In a forthcoming essay, ‘Bankruptcy’s Endowment Effect’, I demonstrate that this is false. The idea of sacred creditor endowments is an untenable position that misunderstands the fundamental principles of bankruptcy. Corporate bankruptcy is, at its core, a system that alters nonbankruptcy endowments according to a hypothetical bargain that all creditors of a firm would have entered into if bargaining were costless. The entire point of that hypothetical bargain is to suspend and alter some nonbankruptcy endowments with the goal of maximizing the value of the bankruptcy estate and the firm as a whole. Indeed, if every stakeholder retained all of its nonbankruptcy endowments, the Bankruptcy Code would have no provisions at all.

Of course, altering nonbankruptcy endowments can impose costs. Foremost among those costs is the risk of opportunistic behavior that is costly for the estate as a whole. Bankruptcy policy will, therefore, be designed to achieve its estate-maximizing purpose while minimizing opportunistic bankruptcy behavior that destroys firm value. This is all to say that the guiding principle for optimal bankruptcy design should not be the preservation of nonbankruptcy rights but rather should be the minimization of opportunistic behavior that reduces the net value of a firm.

With that principle in hand, we can resolve many difficult questions of bankruptcy policy. In the essay, I focus applying the principle to the debate over what interest rate a senior creditor should get in a chapter 11 cramdown. In particular, I analyze the dispute in In re MPM Silicones, LLC (‘Momentive’) where the bankruptcy court mistakenly reached its final decision by importing a creditor-endowment framework from consumer bankruptcy law (where the framework might make more sense).

I show that an optimal rule for corporate bankruptcy—properly focused on the minimization of opportunistic behavior—supports a cramdown interest rate based on the prevailing market rates for similar loans. A coherent cramdown system will both prevent creditors from destroying value by opportunistically opposing a plan and prevent debtors from destroying value by opportunistically proposing cramdown. If a creditor can insist on foreclosing on an asset that has going concern value, it will make threats to extract rents. Those threats can lead to bargaining failures that destroy estate value. Similarly, if debtors get consistently better rates of interest in cramdown, they will flood courts with chapter 11 cases that never should have been filed. Moreover, debtors who otherwise would have filed will be artificially drawn toward proposing inefficient cramdown plans. They will even, as the debtors in Momentive did, make threats of or propose inefficient plans for the sole purpose of extracting rents from creditors.
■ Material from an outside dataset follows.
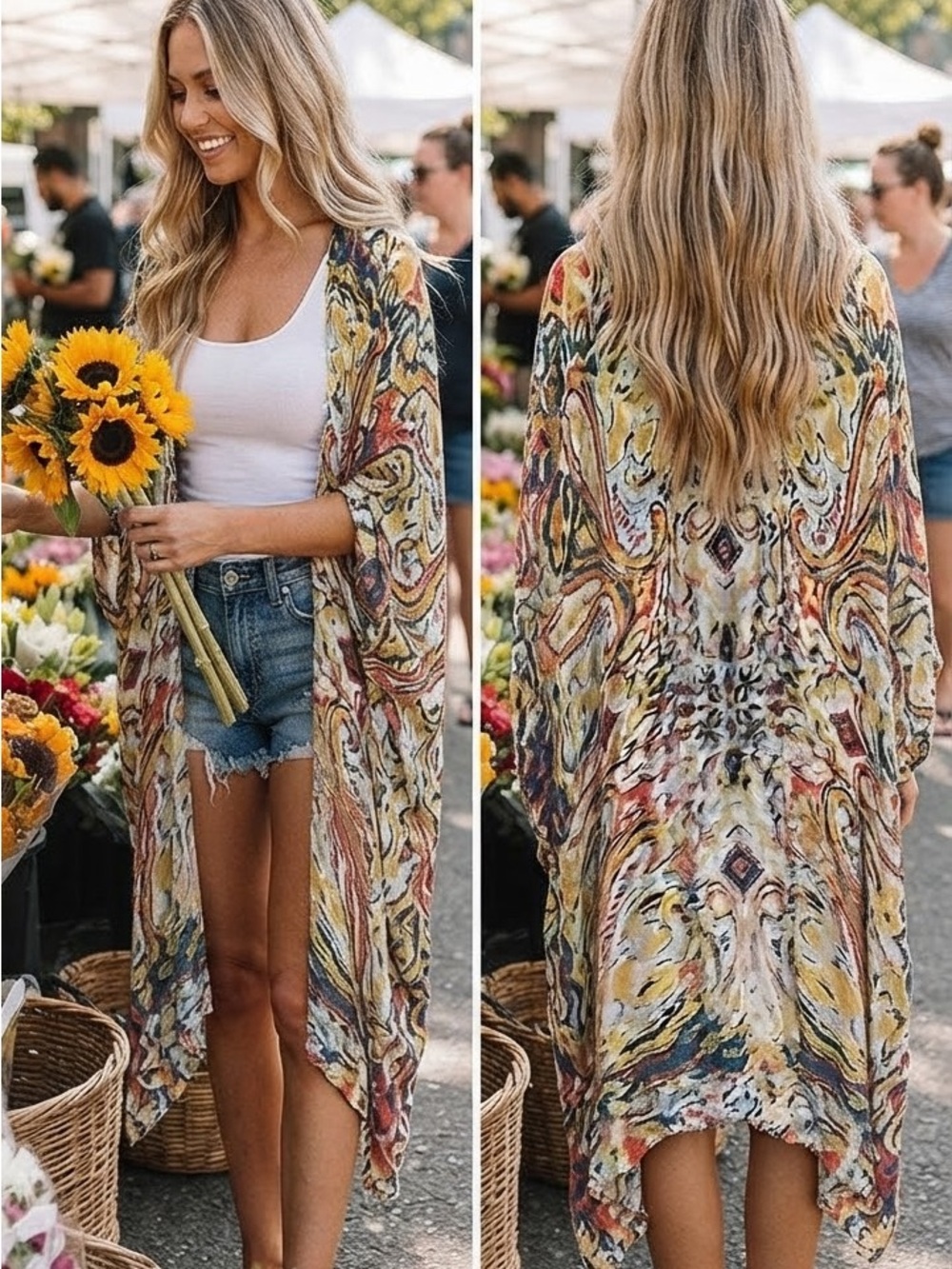 Boho Floral Multicolor Open-Front Kimono Cardigan by Ruggine, OSFM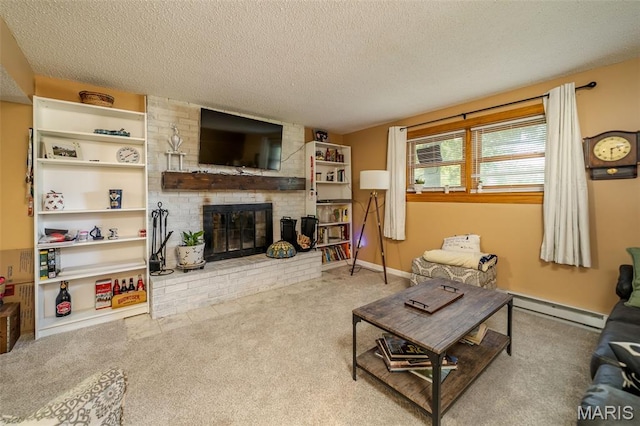 1003 Marilyn Ct, Washington, MO 63090 - living area with baseboard heating, carpet floors, a textured ceiling, and a fireplace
Neither of these outcomes serves any valid purpose for corporate reorganization. And both can be avoided by a system that allows cramdown but tests its rate against the market alternatives that face a debtor at that time in the real world. I show that a focus on real-world market rates—and not intrinsic values—is necessary to properly align the incentives of those making the decision to pursue the cramdown option rather than the other options available in the market.

Anthony J. Casey is a Professor of Law and Mark Claster Mamolen Teaching Scholar at the University of Chicago.